In your proposal memo, please answer the following questions in either list or paragraph form:
1) What is your general topic of research? Why did you choose this topic? What are you most interested in or curious about?
2) If you have already made the decision, briefly describe the artifact(s) you will focus on in your paper. If you haven’t made the final decision, then briefly describe the artifact(s) that have caught your eye so far. Either way, identify what makes these artifacts interesting or valuable.
3) You will have some time to refine this choice, but go ahead and identify an audience (likely Penn State related) you could write for in this piece. Who needs to understand this history? Why that audience in particular? You can include several possibilities here if you are deciding between a few options.
4) How will you reach that audience? If you wanted to make sure that your audience got to see your piece of writing, how would you get it to them? Through a certain publication or online space? In a letter? If you are including more than one option for audience in this proposal, identify how you could reach each one.

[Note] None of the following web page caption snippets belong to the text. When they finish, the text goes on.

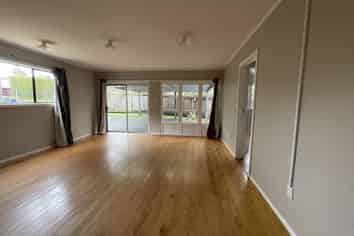 19 Golf Road, New Lynn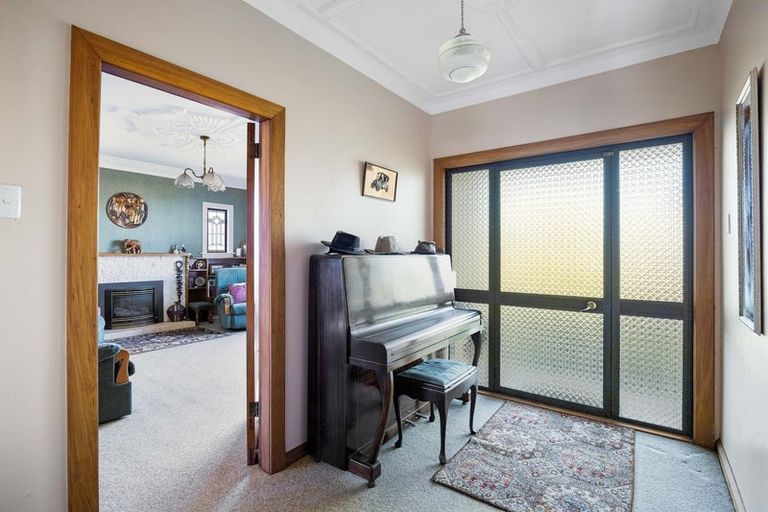 Photo of property in 18 Egmont Street, Hawera, 4610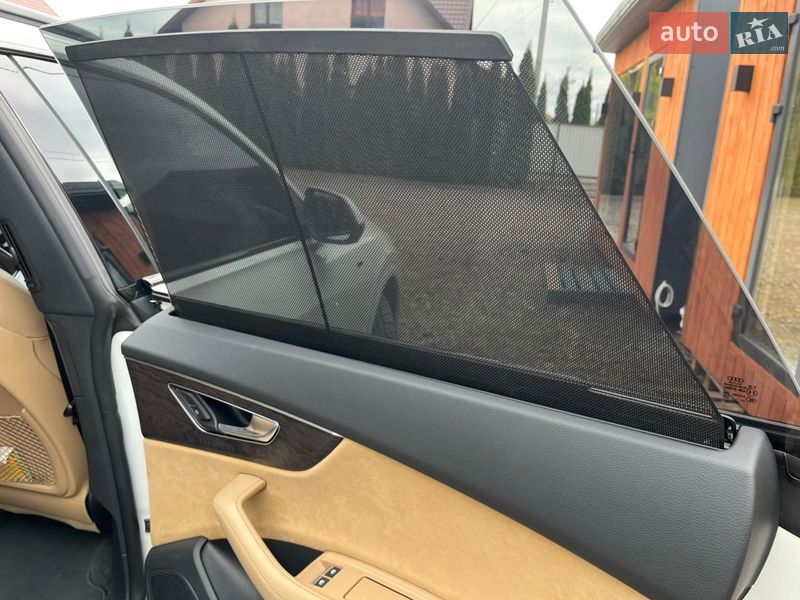 Позашляховик / Кросовер Audi Q8 2019 в Ковелі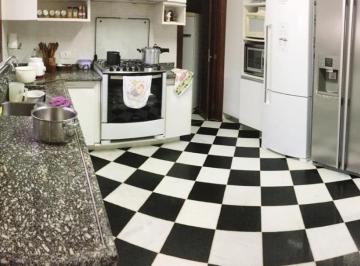 Casa de 5 quartos, Bertioga · Casa com 5 suítes para locação de fim de ano pacote de 10 dias 
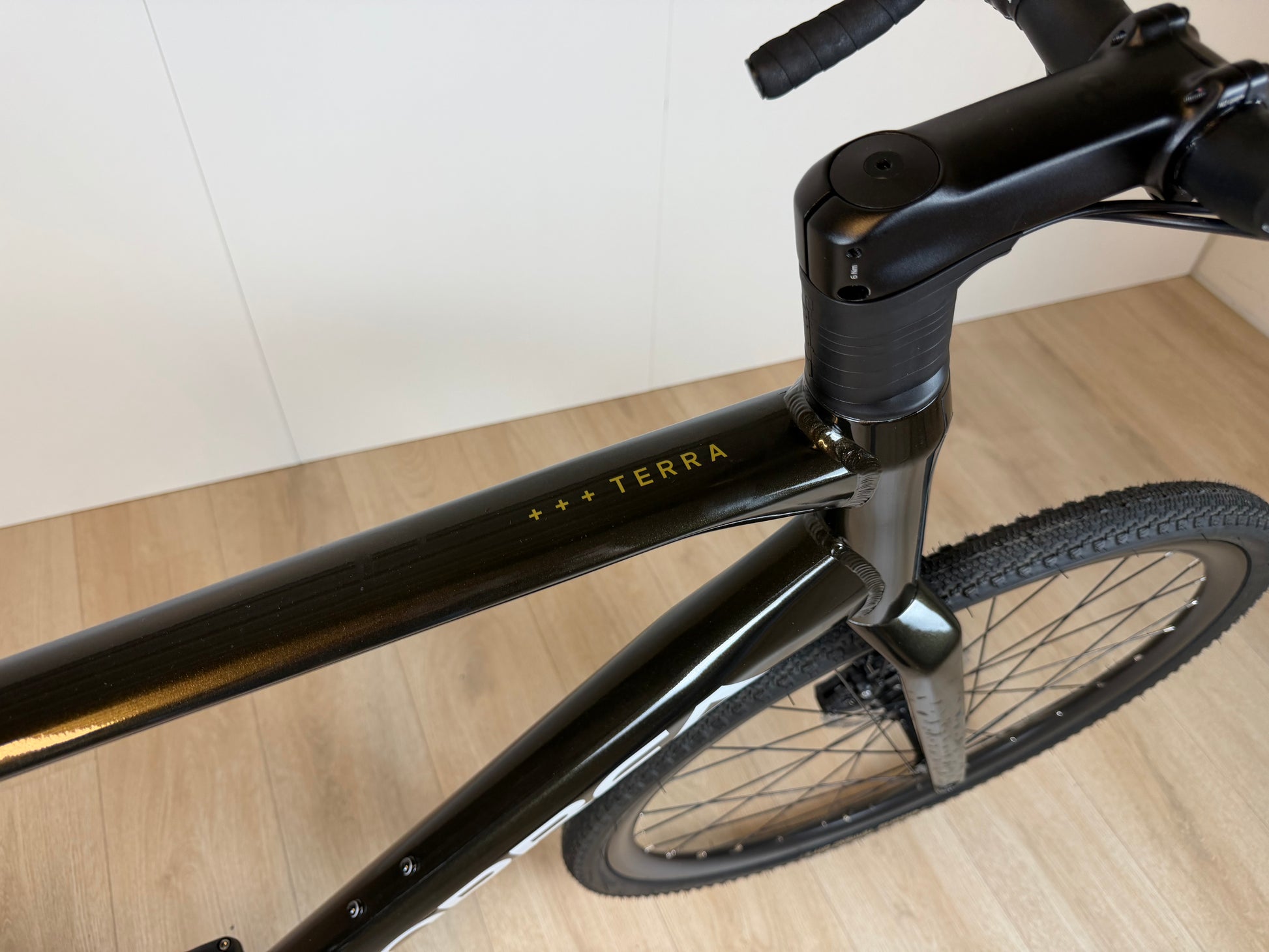 Orbea Terra H30 gravelbike met zwarte frame en dikke banden, geschikt voor off-road en avontuurlijke ritten.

5) What argument can you make about this topic and your artifact(s)? Are you persuading your audience of its importance? Making an argument about the way Penn State has changed over time? Using this piece of history to bring attention to a current issue?* Your argument will likely shift and change as you continue your research, but I would like to see that you have thought through some initial ideas.

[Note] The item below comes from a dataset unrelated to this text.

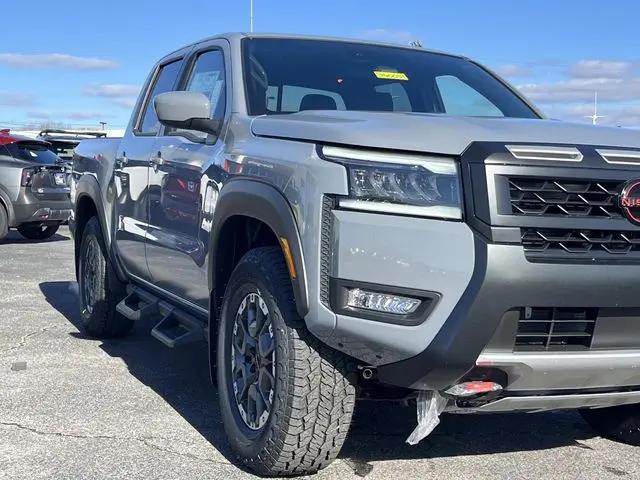 2026 Nissan Frontier Crew Cab PRO-4X 4x4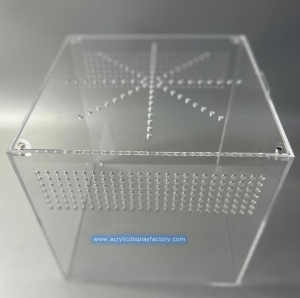 Tarantula Cube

*Remember that this work will build to a separate proposal paper–do not feel like you need to write a detailed proposal to address a current issue at this stage. Focus on carefully describing and analyzing historical artifacts and making an initial argument about those artifacts. In this piece, you might indicate that your historical work shines light on a current problem in a particular way and helps us to look at the issue from a different perspective, but you do not yet need to propose a plan for solving that problem–save that for the later paper!
Due in class on Monday, Sept. 29th. Typed and printed.